SCO's exact claims, as far as I can tell
Posted May 30, 2003 2:17 UTC (Fri) by
gdt (subscriber, #6284)
Parent article:
The SCO case gets weirder
SCO seem to be making two claims:
IBM misappropiated code from the the SCO/IBM joint venture
"Project Monterey" into AIX. In particular the 64-bit PowerPC
code.
- There is code from UNIX in the Linux kernel source.
Some SCO statements claim this is from UnixWare 7. That is,
intellectual property developed by SCO and not claimed by Novell.
Other SCO statements claim this is from System V or earlier code.
Novell says the I.P in System V is theirs. SCO say in
return that the right to make contracts for access to the I.P
gives them rights to sue for breaches of that contract.
UNIX code earlier than System V was released under a BSD-style license
contract by Caldera [the company this is now SCO], so it's unclear to
me why SCO is making statements about pre-System V UNIX.
Please keep the two claims distinct in your mind.

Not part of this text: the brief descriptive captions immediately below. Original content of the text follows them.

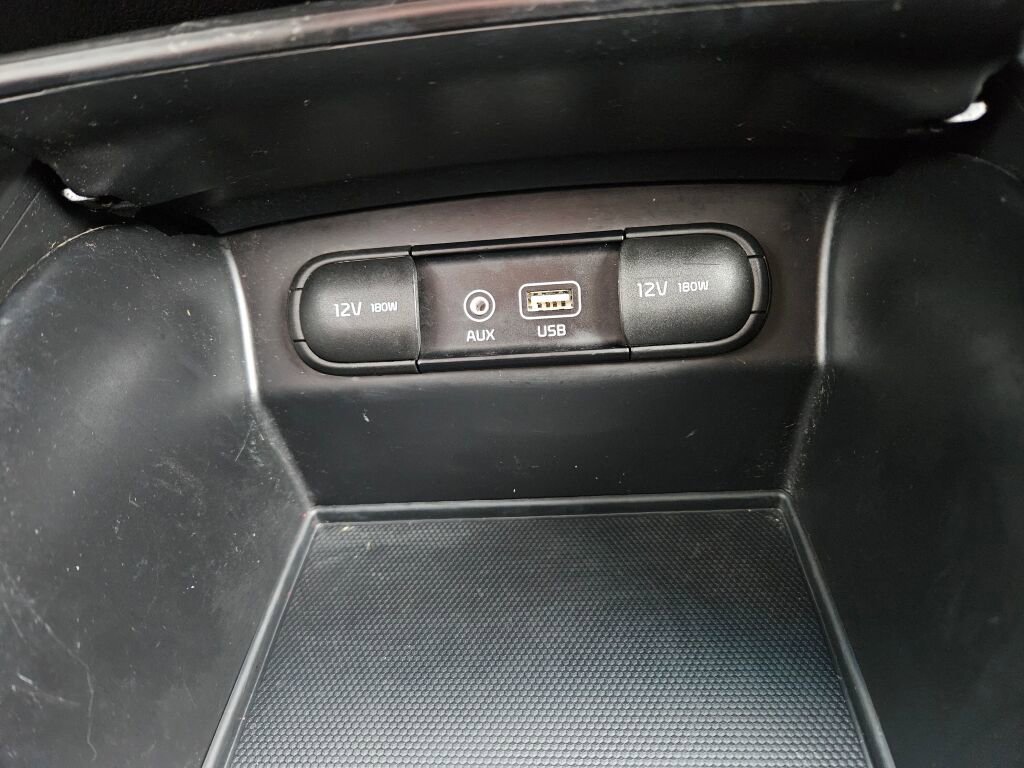 Used 2018 Kia Sorento LX image 22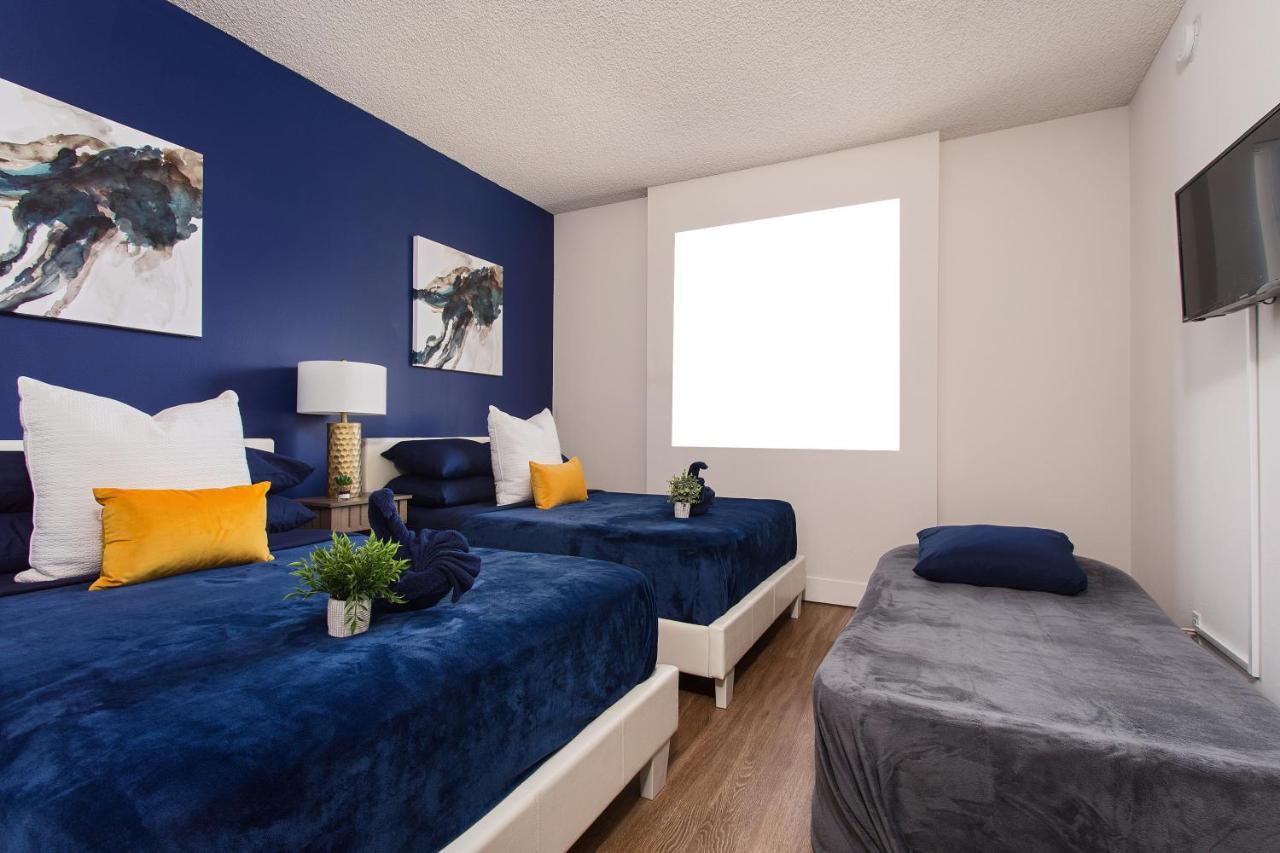 Hollywood Ultimate Suites Aparthotel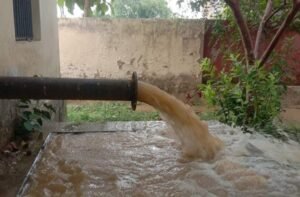Jal Jeevan Mission fails in Basantpatti! Dirty water mixed with sand and gravel has been spewing from the borehole for three weeks; villagers are dying of thirst.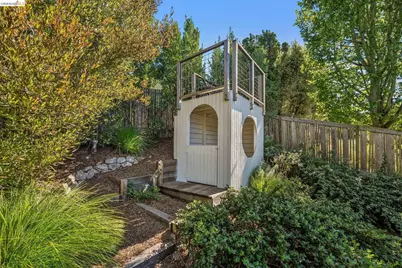 1109 Sterling Ave, Berkeley, CA 94708 - Photo 88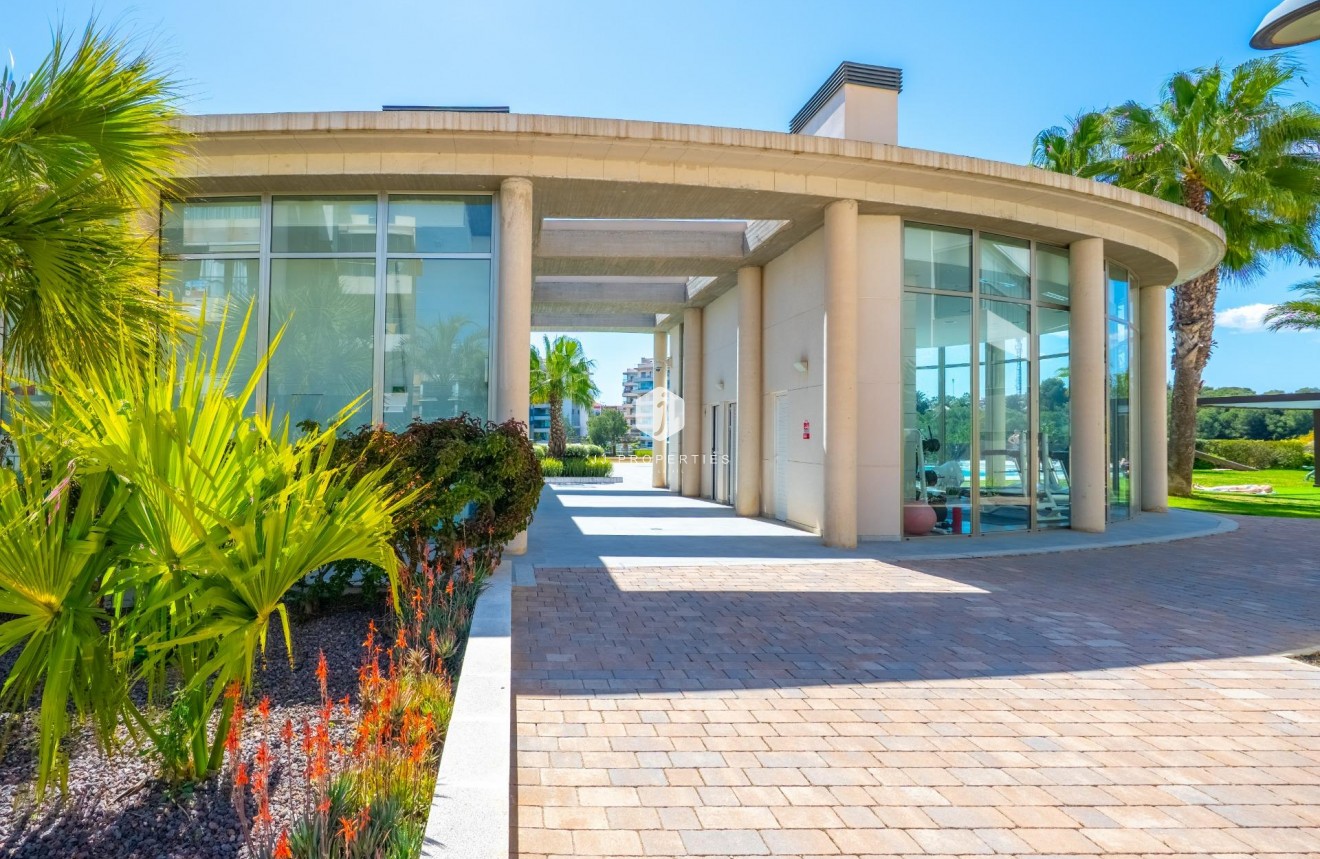 Z drugiej ręki - Mieszkanie w bloku -
Orihuela Costa - Los Dolses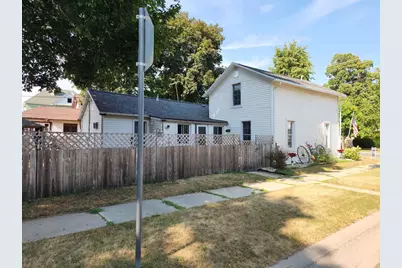902 Cass Street, Portage, WI 53901 - Photo 19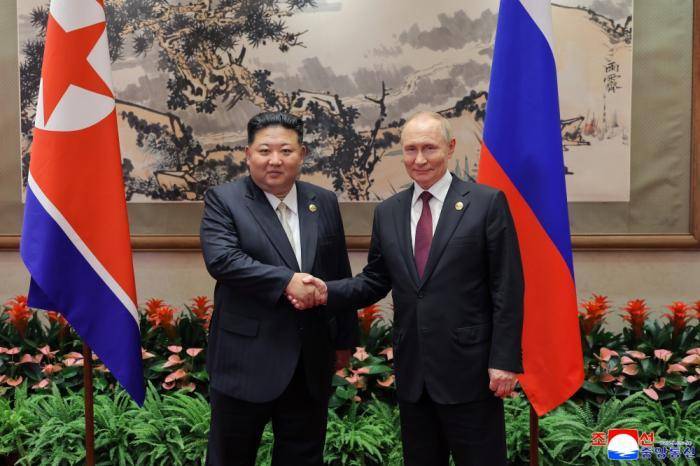 金正恩普京北京会晤细节披露<strong></p>
<p>比特币矿机挖矿</strong>，金正恩：将一如既往支持俄军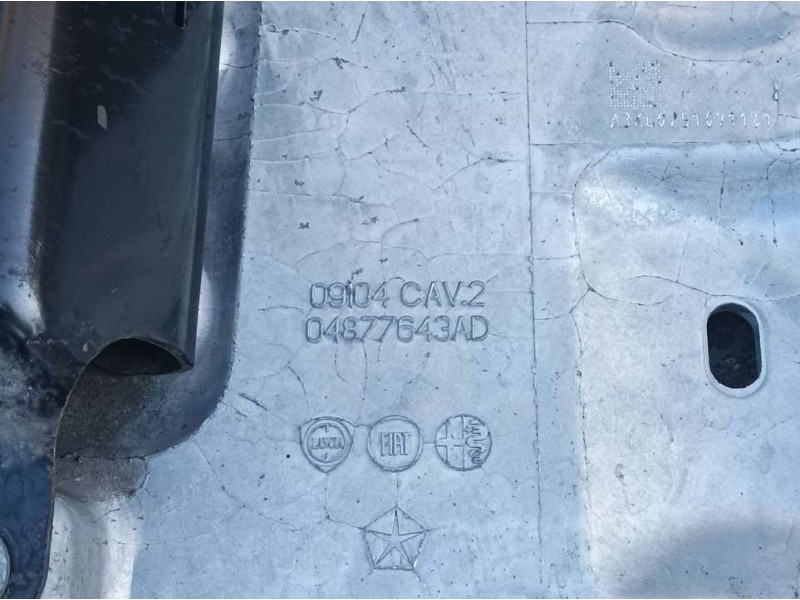 Recambio de puente delantero para jeep cherokee limited 4wd referencia OEM IAM 04877643AD 09104CAV2 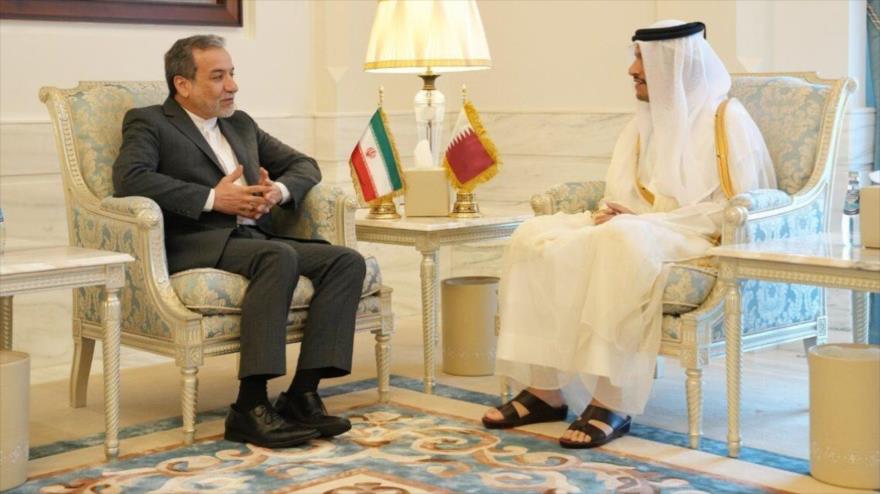 El canciller de Irán, Seyed Abás Araqchi, (izq.) reunido con su par catarí, Muhamed bin Abdulrahman Al Thani, en Doha, 10 de octubre de 2024.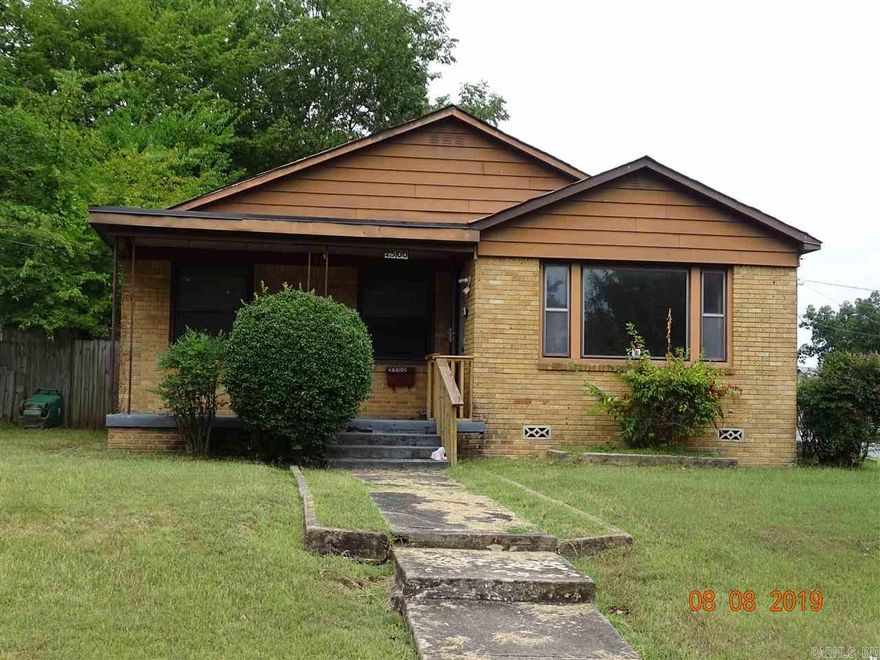 Check out this home!! This home features outside storage, a partially fenced yard on a corner lot and hard wood floors. The seller must comply with HUD guidelines 24 CFR 206.125 HECM properties ARE now in HomePath.com. All offers must be submitted to www.homepath.com.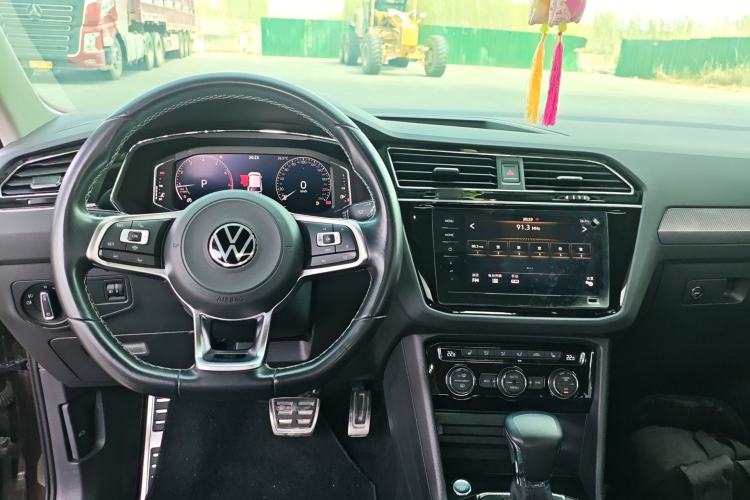 Used Volkswagen Tiguan L 2021 330TSI Automatic Two-Wheel Drive R-Line Enhanced Edition Center Console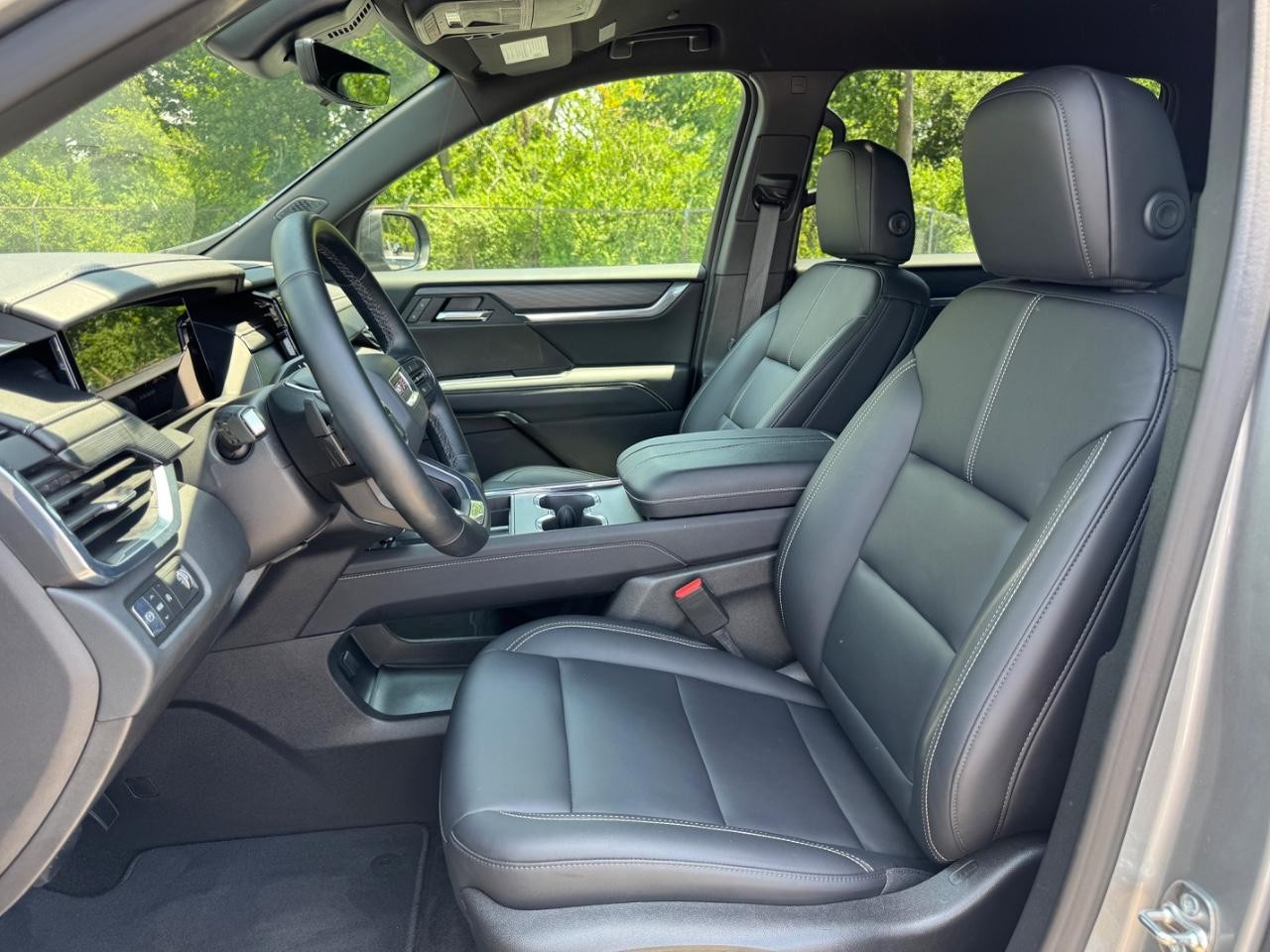 GMC Acadia Vehicle Full-screen Gallery Image 18
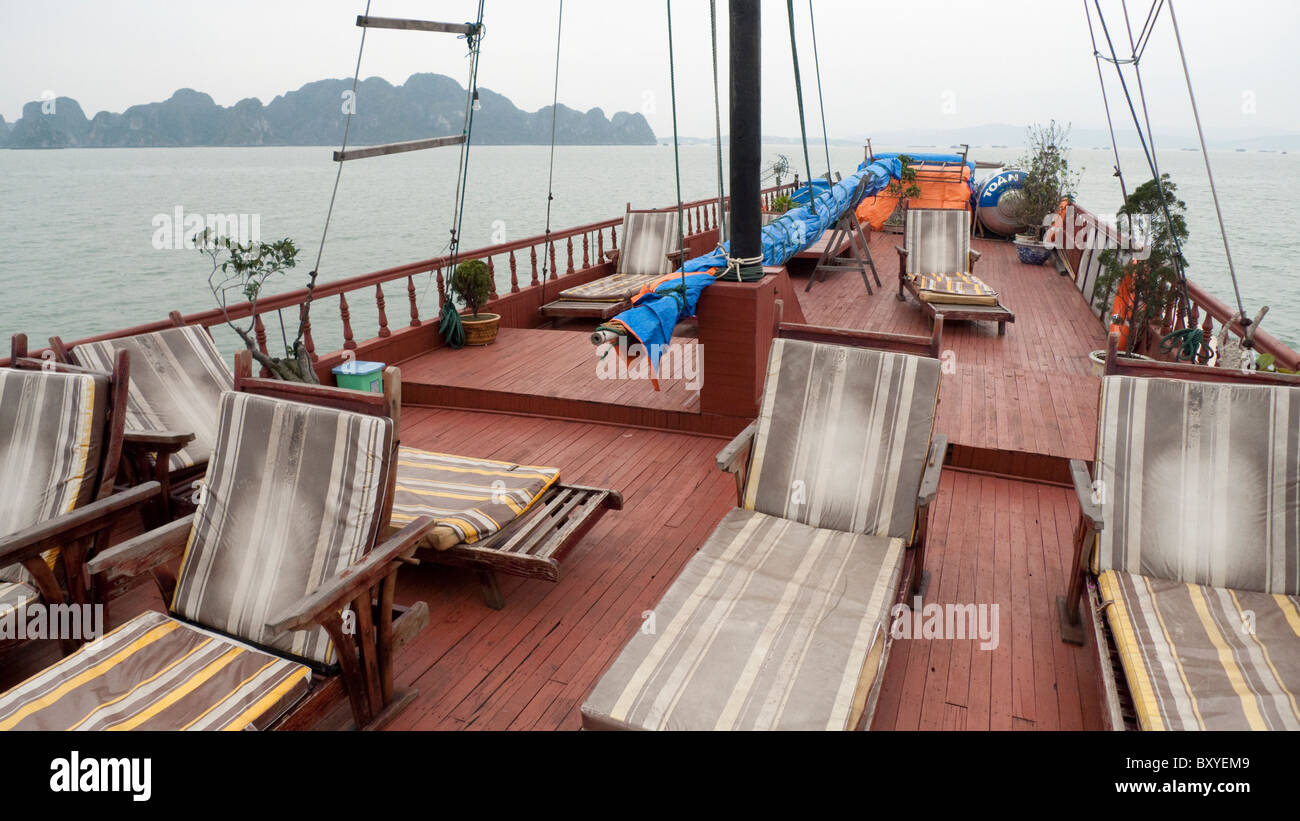 Viaggio in barca, isole calcaree, la baia di Ha Long , Quang Ninh, Vietnam Foto Stock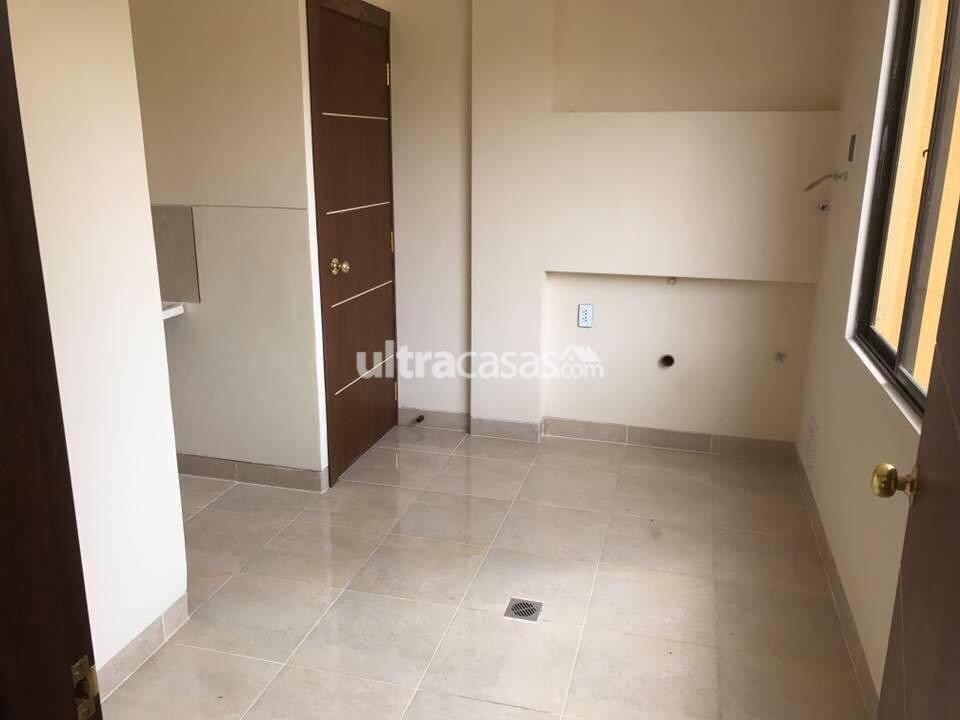 Departamento en VentaCONDOMINIO BUGAMBILIAS Foto 12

If SCO do not hold the UNIX trademark, relevant patents,
or the copyright to the code and as long as SCO and Torvalds
have no UNIX licensing contract, I'm not sure how SCO intend
to sue Linus.
As a final thought, the reassuring remarks from SuSE and Lindows about having
contractural arrangements with SCO are less reassuring when
you realise that, as contract law is the only lever SCO has,
having no contract with SCO might be a better position.